YOUR ASSIGNMENT
Using the material that follows, identify and copy each line with the string "logo".
--------------------------------------------------
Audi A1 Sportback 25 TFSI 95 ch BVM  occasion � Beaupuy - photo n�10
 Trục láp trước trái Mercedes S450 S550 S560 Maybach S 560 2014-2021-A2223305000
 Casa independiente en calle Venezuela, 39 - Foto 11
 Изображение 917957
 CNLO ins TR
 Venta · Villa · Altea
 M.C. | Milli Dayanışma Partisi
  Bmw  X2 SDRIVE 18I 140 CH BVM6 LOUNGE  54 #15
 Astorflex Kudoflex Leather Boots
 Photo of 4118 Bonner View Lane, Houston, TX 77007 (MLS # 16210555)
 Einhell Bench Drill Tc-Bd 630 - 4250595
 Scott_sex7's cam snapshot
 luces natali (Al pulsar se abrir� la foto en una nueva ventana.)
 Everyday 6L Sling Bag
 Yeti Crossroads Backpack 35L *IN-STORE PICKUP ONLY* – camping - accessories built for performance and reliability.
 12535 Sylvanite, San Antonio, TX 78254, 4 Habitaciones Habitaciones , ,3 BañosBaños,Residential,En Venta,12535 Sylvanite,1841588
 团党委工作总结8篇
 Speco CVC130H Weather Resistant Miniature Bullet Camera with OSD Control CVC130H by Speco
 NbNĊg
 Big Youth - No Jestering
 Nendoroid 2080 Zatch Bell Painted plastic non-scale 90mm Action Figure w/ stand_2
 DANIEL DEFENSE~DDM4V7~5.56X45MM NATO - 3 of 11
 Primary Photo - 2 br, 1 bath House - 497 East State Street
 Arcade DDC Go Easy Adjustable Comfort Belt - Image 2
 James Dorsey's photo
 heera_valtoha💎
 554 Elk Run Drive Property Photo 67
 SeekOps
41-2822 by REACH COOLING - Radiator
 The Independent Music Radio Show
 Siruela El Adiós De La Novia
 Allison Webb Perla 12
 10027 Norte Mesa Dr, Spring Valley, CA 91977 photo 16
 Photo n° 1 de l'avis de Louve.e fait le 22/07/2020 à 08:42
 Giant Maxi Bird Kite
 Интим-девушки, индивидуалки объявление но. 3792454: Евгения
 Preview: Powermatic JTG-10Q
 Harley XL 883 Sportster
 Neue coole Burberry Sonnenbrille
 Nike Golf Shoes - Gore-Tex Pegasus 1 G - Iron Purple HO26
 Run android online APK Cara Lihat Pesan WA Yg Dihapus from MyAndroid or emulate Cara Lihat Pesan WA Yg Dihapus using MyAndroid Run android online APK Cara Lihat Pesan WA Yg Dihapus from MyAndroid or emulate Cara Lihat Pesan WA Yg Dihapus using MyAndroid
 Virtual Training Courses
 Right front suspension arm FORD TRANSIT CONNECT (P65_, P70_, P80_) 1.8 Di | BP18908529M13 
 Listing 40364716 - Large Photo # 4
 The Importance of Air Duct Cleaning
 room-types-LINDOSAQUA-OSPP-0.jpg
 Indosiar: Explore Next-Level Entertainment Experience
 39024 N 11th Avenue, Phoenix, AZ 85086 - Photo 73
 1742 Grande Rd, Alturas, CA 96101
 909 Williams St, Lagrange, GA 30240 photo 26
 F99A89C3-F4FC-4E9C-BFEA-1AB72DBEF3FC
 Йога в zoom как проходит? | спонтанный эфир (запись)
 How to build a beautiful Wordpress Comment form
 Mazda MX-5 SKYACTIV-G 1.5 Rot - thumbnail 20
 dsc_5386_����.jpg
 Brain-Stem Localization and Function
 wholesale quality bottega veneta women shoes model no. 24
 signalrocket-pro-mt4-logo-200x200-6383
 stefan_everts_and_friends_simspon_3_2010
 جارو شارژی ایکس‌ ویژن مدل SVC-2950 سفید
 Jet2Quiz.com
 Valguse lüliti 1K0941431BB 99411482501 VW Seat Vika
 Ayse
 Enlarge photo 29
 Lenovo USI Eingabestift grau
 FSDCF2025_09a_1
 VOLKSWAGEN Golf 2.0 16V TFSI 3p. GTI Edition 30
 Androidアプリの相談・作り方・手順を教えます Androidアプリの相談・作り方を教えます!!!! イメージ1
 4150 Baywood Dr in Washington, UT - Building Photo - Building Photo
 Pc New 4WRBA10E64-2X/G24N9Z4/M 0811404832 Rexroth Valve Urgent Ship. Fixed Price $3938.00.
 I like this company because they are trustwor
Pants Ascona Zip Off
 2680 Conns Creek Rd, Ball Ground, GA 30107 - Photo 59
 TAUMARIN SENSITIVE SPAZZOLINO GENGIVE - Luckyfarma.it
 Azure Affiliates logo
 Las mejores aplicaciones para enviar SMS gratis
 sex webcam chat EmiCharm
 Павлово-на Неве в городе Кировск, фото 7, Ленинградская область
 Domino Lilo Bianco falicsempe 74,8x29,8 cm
--------------------------------------------------
WRITTEN SOLUTION
 signalrocket-pro-mt4-logo-200x200-6383
 Azure Affiliates logo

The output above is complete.